Required action — Your task is to return, word for word, only the lines from the line with "this 250×188 image." through the close of the data. Exclude all pictures.

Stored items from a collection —

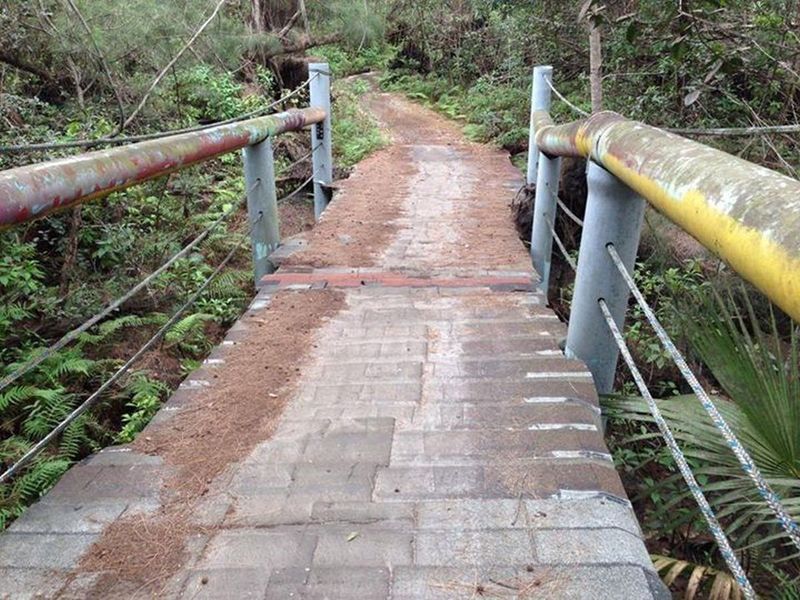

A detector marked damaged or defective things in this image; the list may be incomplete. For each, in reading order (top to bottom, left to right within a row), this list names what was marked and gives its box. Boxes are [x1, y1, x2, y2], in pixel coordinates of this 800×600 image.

rusty pipe railing [0, 105, 324, 227]
peeling paint on pipe [0, 106, 324, 229]
rusty pipe railing [532, 107, 800, 324]
peeling paint on pipe [536, 109, 800, 322]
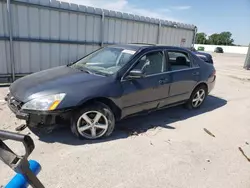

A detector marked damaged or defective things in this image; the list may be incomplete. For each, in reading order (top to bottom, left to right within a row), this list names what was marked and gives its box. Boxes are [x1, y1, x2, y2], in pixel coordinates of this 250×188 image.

crumpled hood [9, 65, 103, 102]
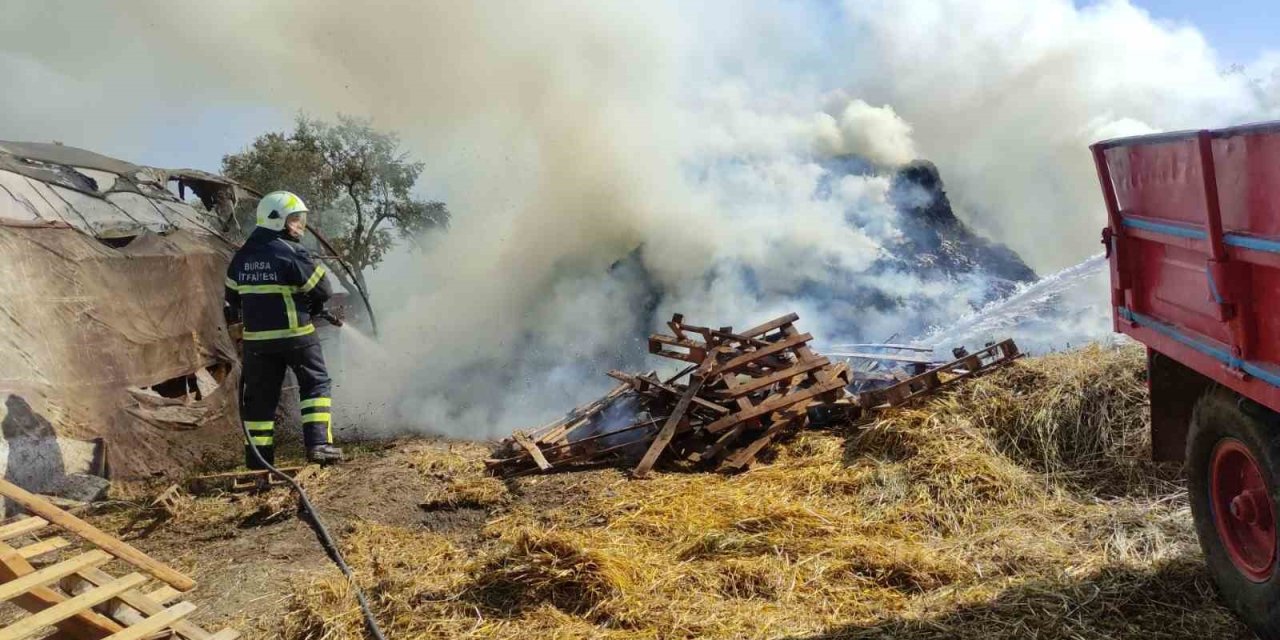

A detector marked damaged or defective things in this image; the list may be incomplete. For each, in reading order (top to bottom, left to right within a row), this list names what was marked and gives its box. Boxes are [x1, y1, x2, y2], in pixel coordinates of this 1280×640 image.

damaged structure [0, 141, 364, 490]
burned material [488, 312, 1020, 478]
broken wooden pallet [0, 480, 240, 640]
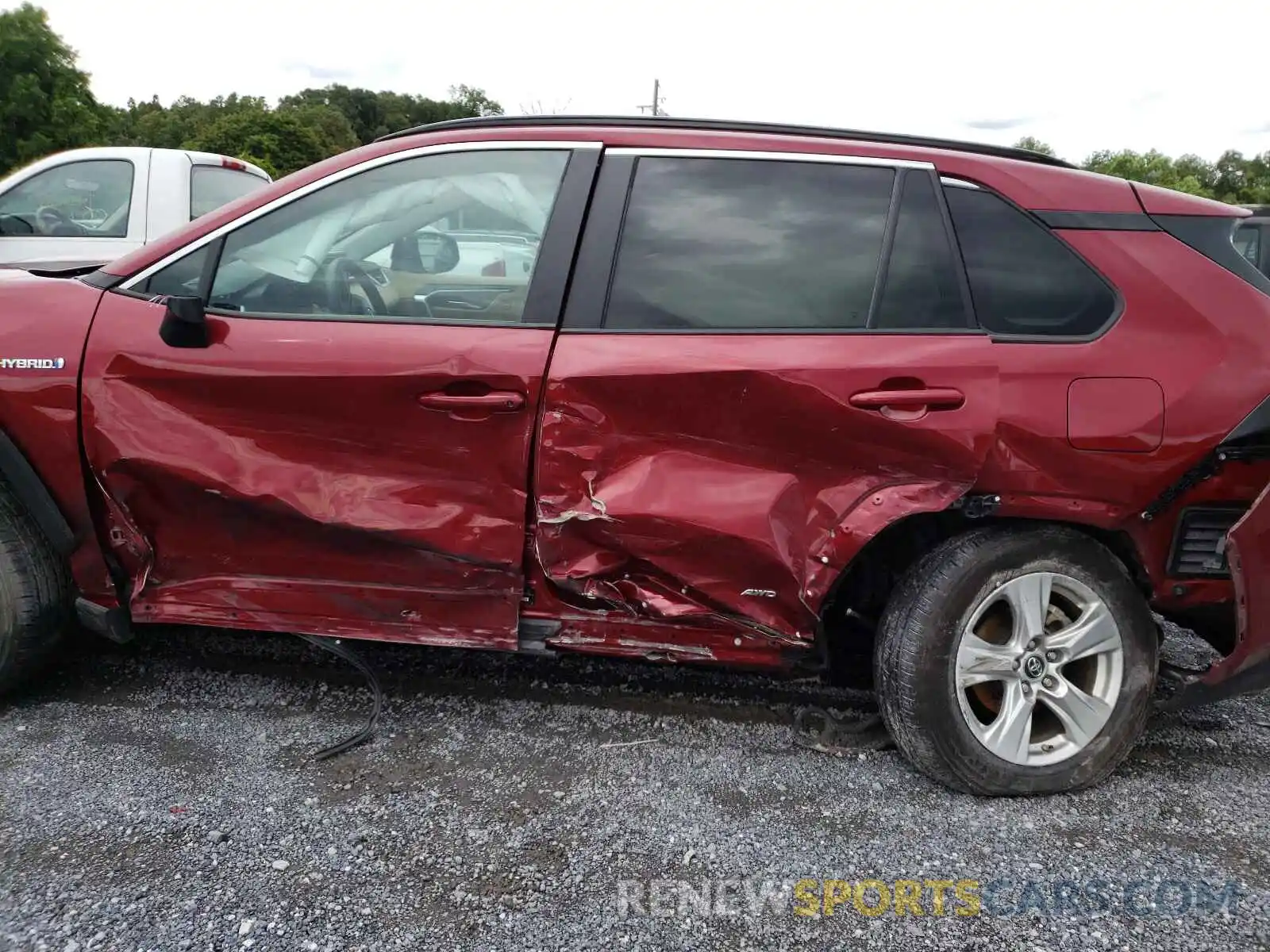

Response to this exercise —
A detector marked damaged or defective things in this image; the list may be incomplete. For each, in reading order (top to bottom, left to right within a row), this list names what was marked and gives its box. Boxes are [x1, y1, x2, y2], in pixel coordinates of this 250×188 image.

crumpled hood [9, 65, 103, 102]

A detector marked damaged or defective things in this image; the list may be incomplete. For each, in reading order (top to bottom, left to right within a row), this list names what was marked and gives its box. Boxes are [x1, y1, x2, y2], in pixel coordinates of this 1280×640 image.

damaged structure [0, 141, 364, 490]
burned material [488, 312, 1020, 478]
broken wooden pallet [0, 480, 240, 640]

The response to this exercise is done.